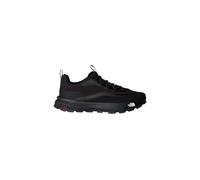 The North Face OFFTRAIL VE Sneaker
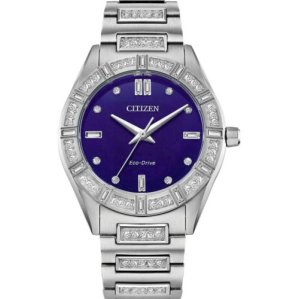 Citizen Eco-Drive EM1020-57L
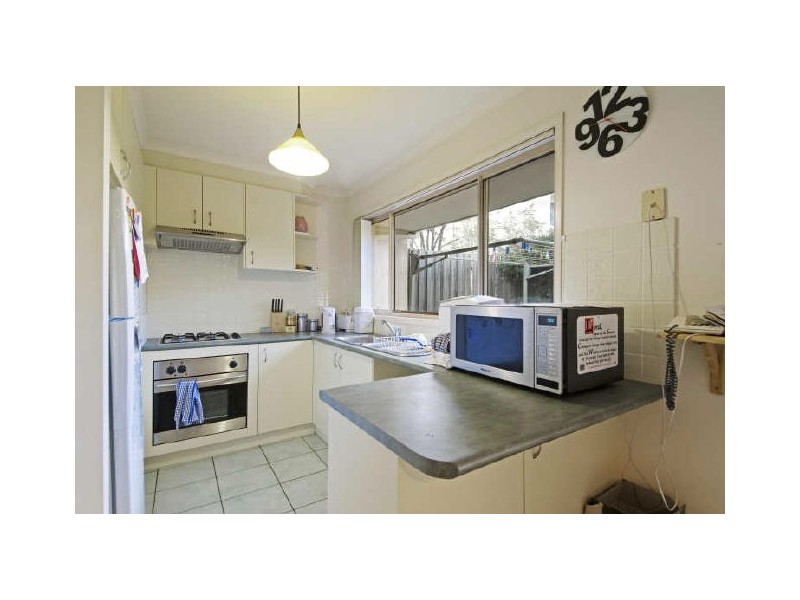 48/14 Federal Highway, Watson ACT 2602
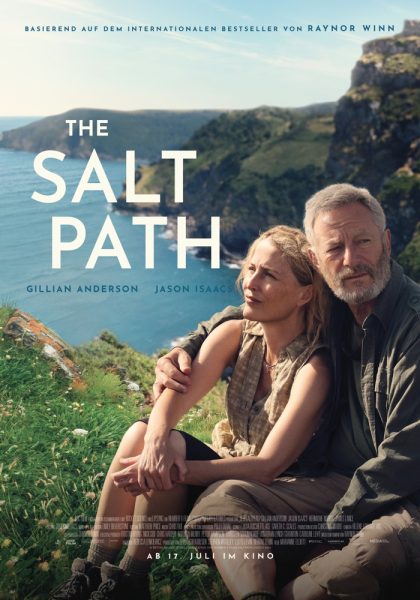 The_Salt_Path_artwork-CH-web The_Salt_Path_artwork-CH-web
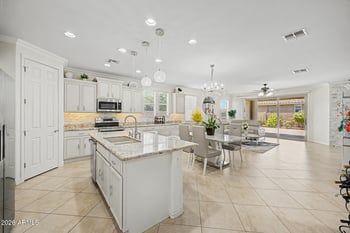 4546 S Watt Ter, Mesa, AZ 85212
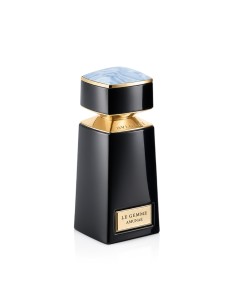Bvlgari Le Gemme Amunae Eau De Parfum 125 ml (unisex) 2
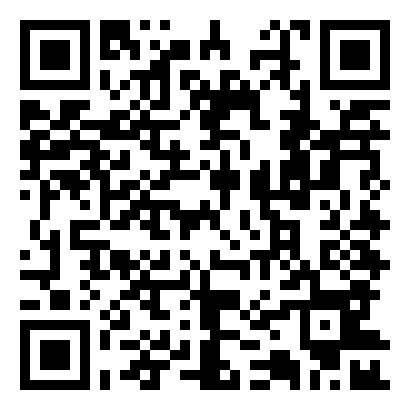 移动端二维码 - (单间出租)新世界、押一付一可洗澡无线免费有暖气电子门锁可靠市里繁华地带 - 廊坊分类信息 - 廊坊28生活网 lf.28life.com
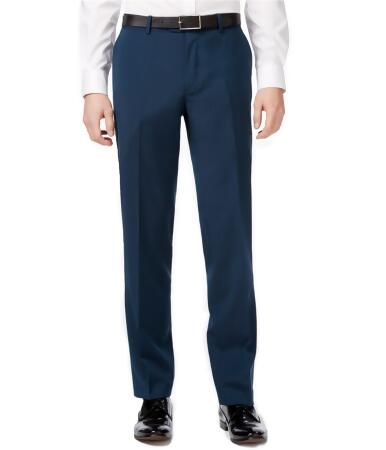 Bar Iii Mens Asteroid Dress Slacks - 30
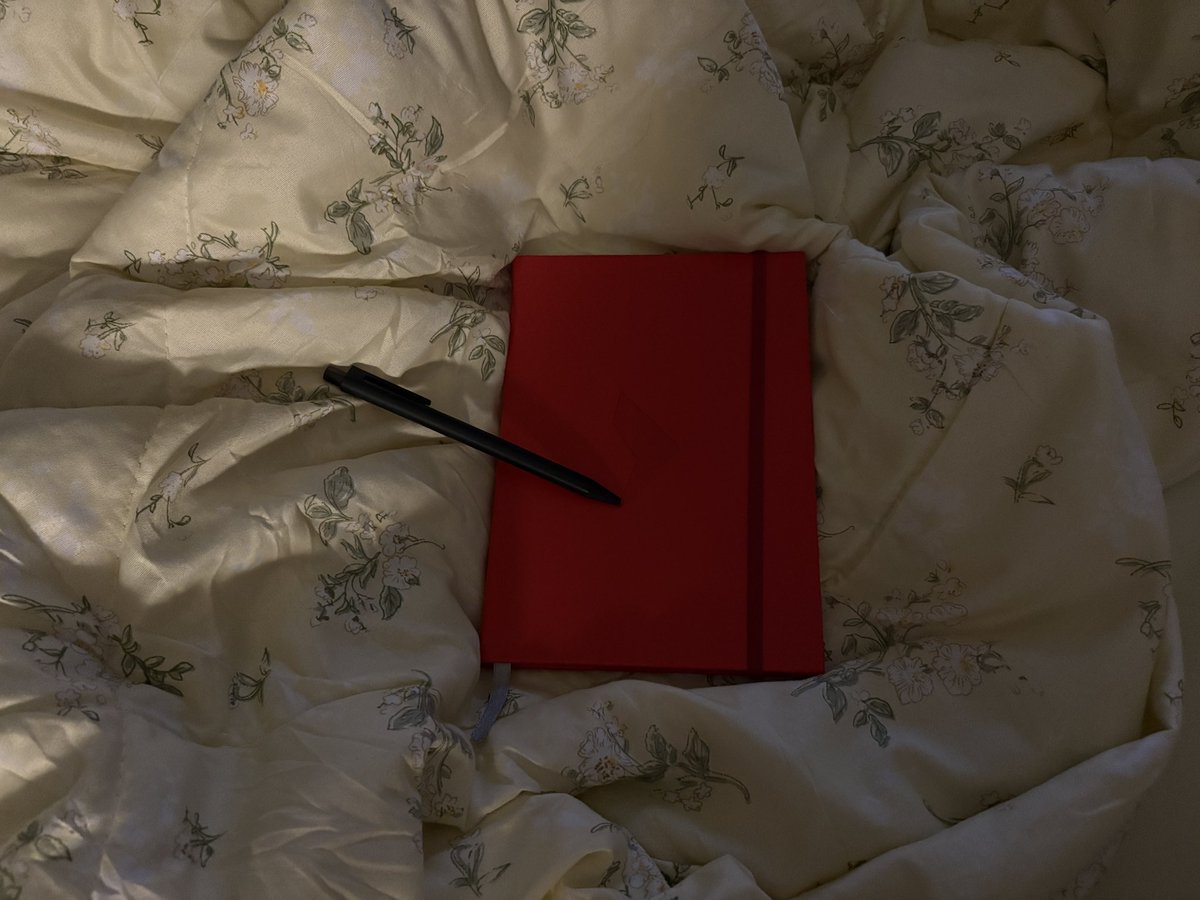 504errorlife's tweet image. 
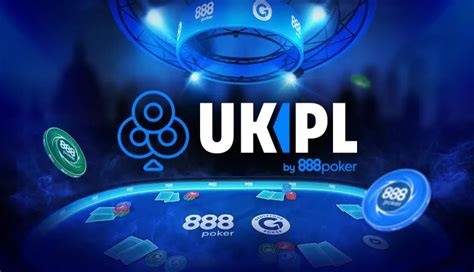 888 Poker Do Reino Unido Do Site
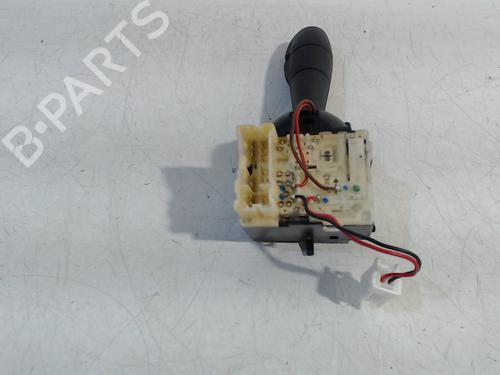 Kombi Kontakt / Stilkkontakt SMART FORFOUR Hatchback (453) 1.0 (453.042, 453.043) | BP13207600I30  - Image 5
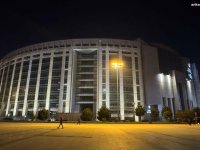 5 belediye başkanı tutuklandı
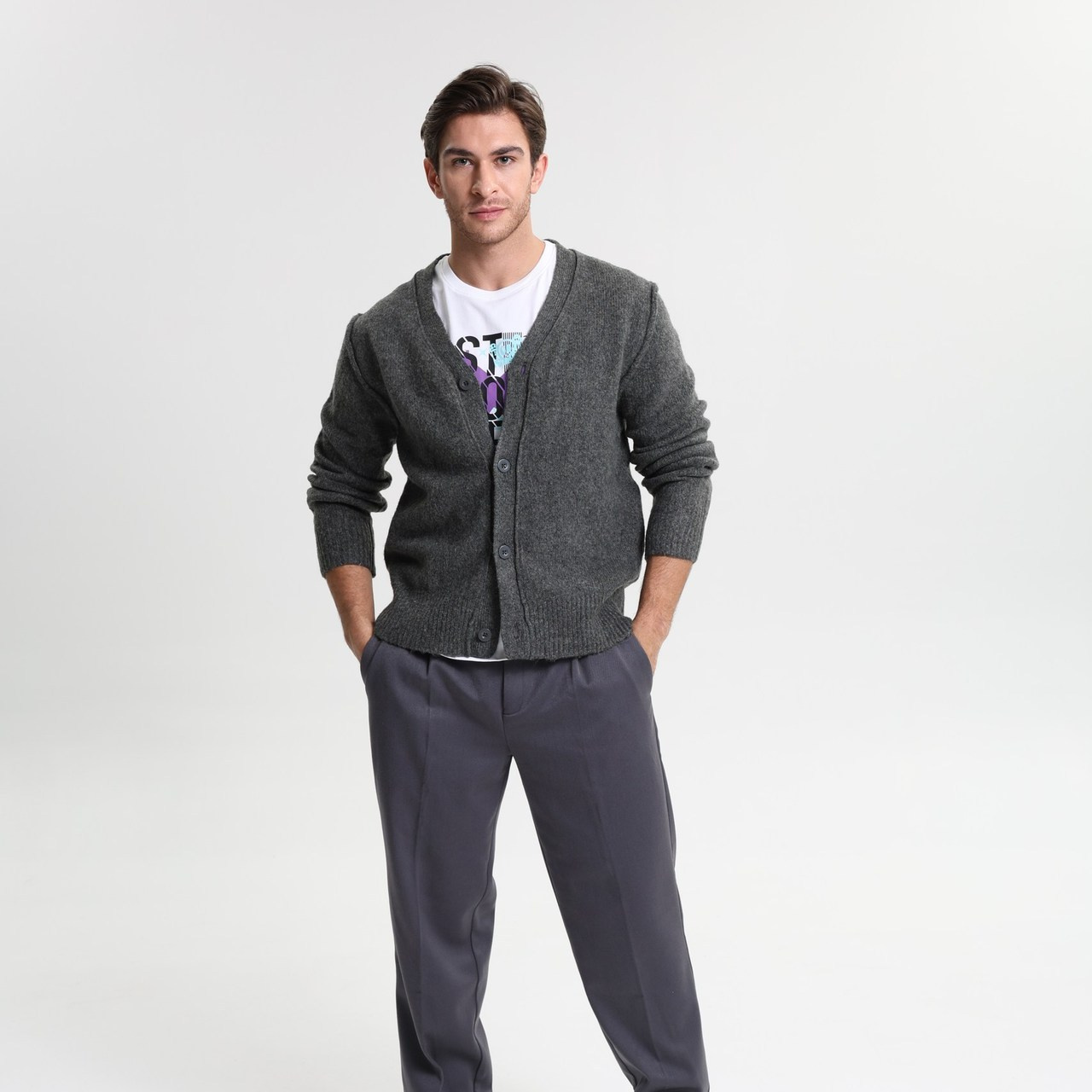 Отзывы. Портретный имиджевый фотограф в Москве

__Directions for this task__
The full material above must be output verbatim, minus any pictures.

__Expected answer__
 The North Face OFFTRAIL VE Sneaker
 Citizen Eco-Drive EM1020-57L
 48/14 Federal Highway, Watson ACT 2602
 The_Salt_Path_artwork-CH-web The_Salt_Path_artwork-CH-web
 4546 S Watt Ter, Mesa, AZ 85212
Bvlgari Le Gemme Amunae Eau De Parfum 125 ml (unisex) 2
 移动端二维码 - (单间出租)新世界、押一付一可洗澡无线免费有暖气电子门锁可靠市里繁华地带 - 廊坊分类信息 - 廊坊28生活网 lf.28life.com
 Bar Iii Mens Asteroid Dress Slacks - 30
 504errorlife's tweet image. 
 888 Poker Do Reino Unido Do Site
 Kombi Kontakt / Stilkkontakt SMART FORFOUR Hatchback (453) 1.0 (453.042, 453.043) | BP13207600I30  - Image 5
 5 belediye başkanı tutuklandı
 Отзывы. Портретный имиджевый фотограф в Москве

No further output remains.